Five years after my graduation, energy has become central to my professional craft and it blends in seamlessly with the unparalleled interdisciplinary education in international law, finance, and economics that I received at Fletcher. In my work, I assist governments in Sub-Saharan Africa — primarily in Namibia, Mozambique, Rwanda, Kenya, Nigeria, and Lesotho — to enable the development of grid-connected renewable energy projects, to mobilize independent power producers, and to facilitate the formation of competitive electricity markets in their respective countries.
Today, I’m launching a new feature on the blog: Five-Year Updates. Think of it as a conversation among alumni at their five-year reunion. I started with the class of 2007, though graduates from that year are, in fact, soon approaching their six-year mark. The alumni writers were asked to describe their path, starting before Fletcher, then through the Fletcher years, and finishing with their post-Fletcher lives. The first Update comes from Ben Micheel.
Prior to Fletcher, most of my professional experience was in the private sector at consumer packaged goods companies. Eventually I made my way back over to Berlin, Germany where I had studied as an exchange student when I was an undergrad at the University of Washington. In Berlin I worked as a marketer for Coca-Cola, as an intern for the German Bundestag, and finally (after my acceptance to Fletcher) as a bike tour guide. Many of my American co-workers at the Bundestag were enthusiastically applying to APSIA grad schools, and I was curious to look into what they were so excited about. My undergrad degree is in business, so I didn’t have any interest in going the pure MBA route. Once I discovered the resources available to me at Fletcher, I knew it was my logical next step. So the week before Labor Day in 2005, I moved to Boston (sight unseen – I’m from a suburb of Portland, Oregon) and started my MALD.

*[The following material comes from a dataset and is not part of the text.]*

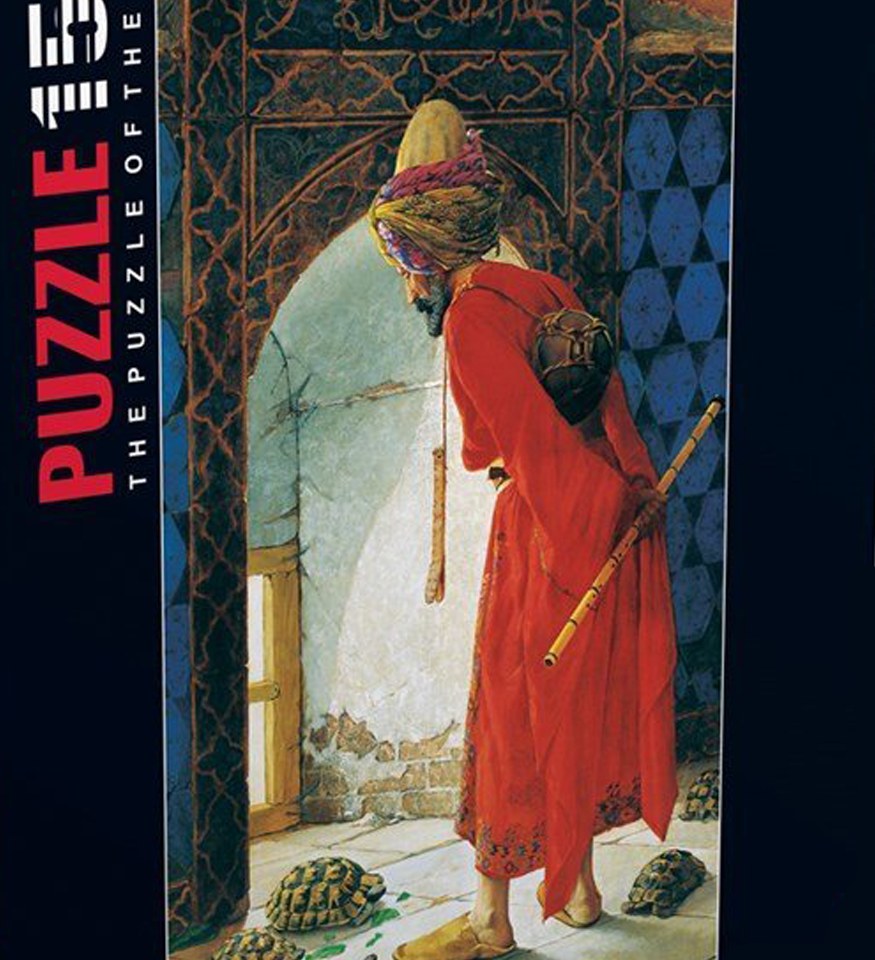 Anatolian 1500 Piece Jigsaw Puzzle - Turtle Trainer By Osman Hamdi (#3755), 33.5x23.6 Inches, Anti-Glare Surface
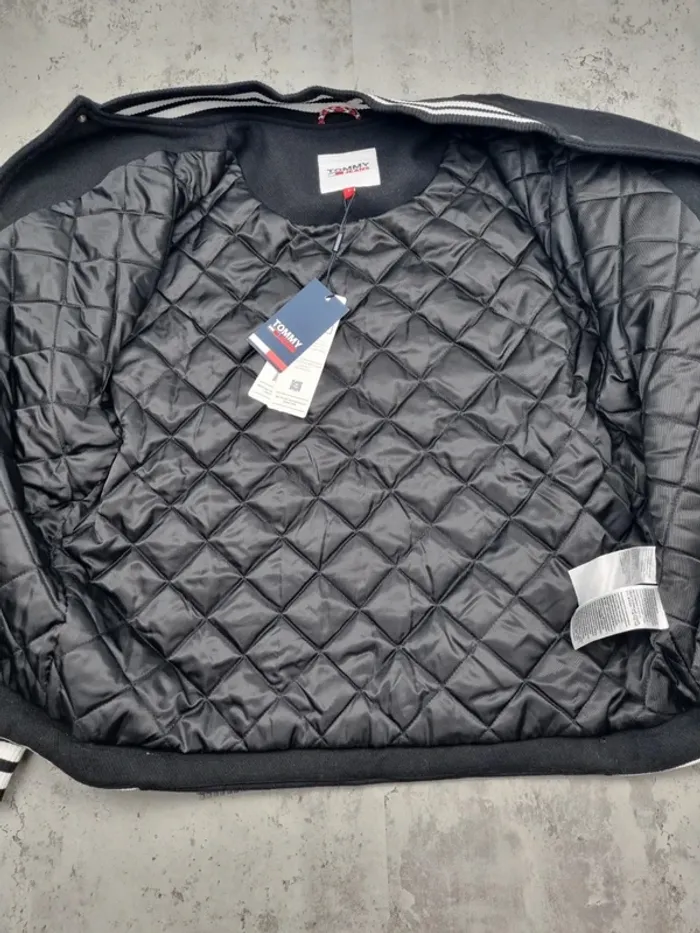 College Jacket Tommy Jeans noir, S Hommes - photo numéro 4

At Fletcher I focused my studies mostly on economics, although I found time to take some great classes in the Southwest Asia concentration. I also cross registered for a couple of classes at Harvard Business School. Although all the classes were great, the paces that Professor Klein, Professor Simonin, and Professor Schaffner put my brain through proved to be most valuable. I still use the skills I learned every week in my current job. I was equally active outside of class. There are many highlights, but the annual Africana Night step show really stands out.
Directly out of Fletcher, I joined the strategy consulting firm Simon-Kucher & Partners – a terrific place for Fletcher grads to advance their careers in the private sector. I spent four great years there helping Fortune 500 clients improve their strategy, marketing, and pricing initiatives. Eventually I was recruited by Forrester Research (a former client), where I still work today as the Director of Pricing & Packaging. Each day brings something new, and I enjoy working through the puzzles that Fletcher so adroitly equipped me to solve. Also, on the social side of life, the post-Fletcher wedding circuit is the best!